According to a report from Miller Safrit of ESPN.com, Terry tore his ACL, which is a devastating knee injury for a football player:
Georgia commit Tramel Terry, the 56th-overall prospect and 6th-ranked athlete in the ESPN 150, was carted off the field at The Shrine Bowl of the Carolinas shortly before halftime.
"They tell me I tore my ACL, but I don't know about that," Terry told ESPN RecruitingNation. "It feels fine to me. I'm going to have an MRI on it as soon as I get back to Charleston."
The knee is obviously one of the more important parts of an athlete's body, and that's especially true for wide receivers. They need to be able to put pressure on it to get a good jump off the line, make crisp cuts and maybe most importantly—jump for the football.

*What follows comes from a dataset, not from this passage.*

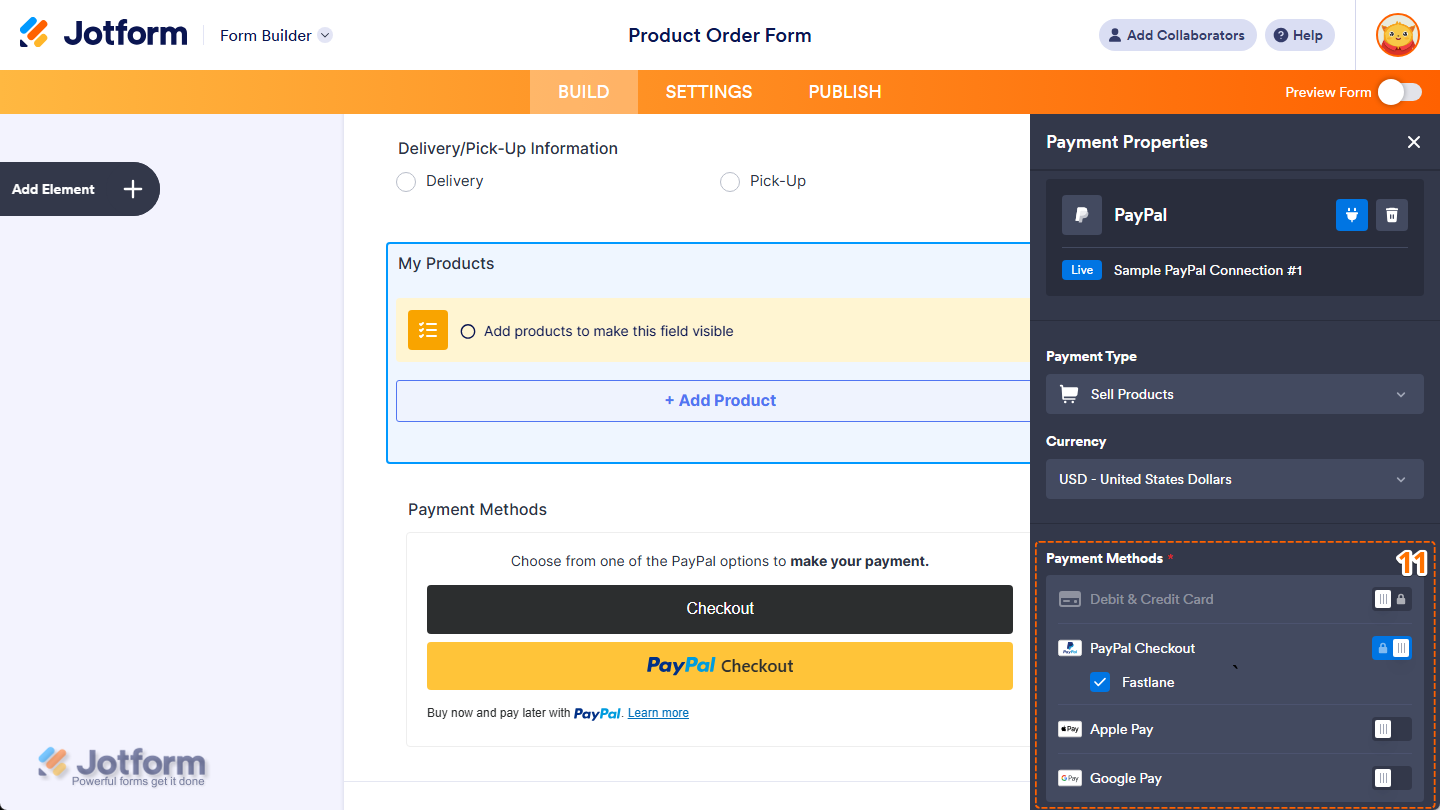 Payment Methods setting in the Payment Properties menu of the PayPal Payment field in Jotform Form Builder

Planting the foot is a crucial part of all of those football movements, and soreness or damage in the knee can severely hinder that movement.
Terry will be looking at about a six-month recovery period depending on the course of action, which would mean he could get back to fully using that knee around June of 2013. Even then, though, it won't be the same.
The question then becomes: Is Terry headed for a redshirt in 2013?
Yes would be the safe answer, and the more logical one as well. If Georgia redshirts Terry for the 2013 season, it would give him a whole season to rehab and hit the weight room. There's also the added benefit of being able to learn the scheme, get to know the team and have that added experience as a college athlete.
As far as Georgia's 2013 needs are concerned, receiver Malcolm Mitchell will be returning as a junior, as will Michael Bennett, who will be coming back from his own ACL tear. Richt's 2013 class also features four wide receivers in 4-star Jonathon Rumph, 4-star Reggie Davis, 3-star Uriah LeMay and 3-star Rico Johnson.
Should UGA redshirt Terry?
Georgia can afford to give Terry a redshirt, and in the end, it is the smarter option.
It will give him a whole season to recover, and in the meantime he can hit the weight room and the film room and practice with the team.
In the long run, having that extra season could pay huge dividends for the talented wide receiver and Georgia.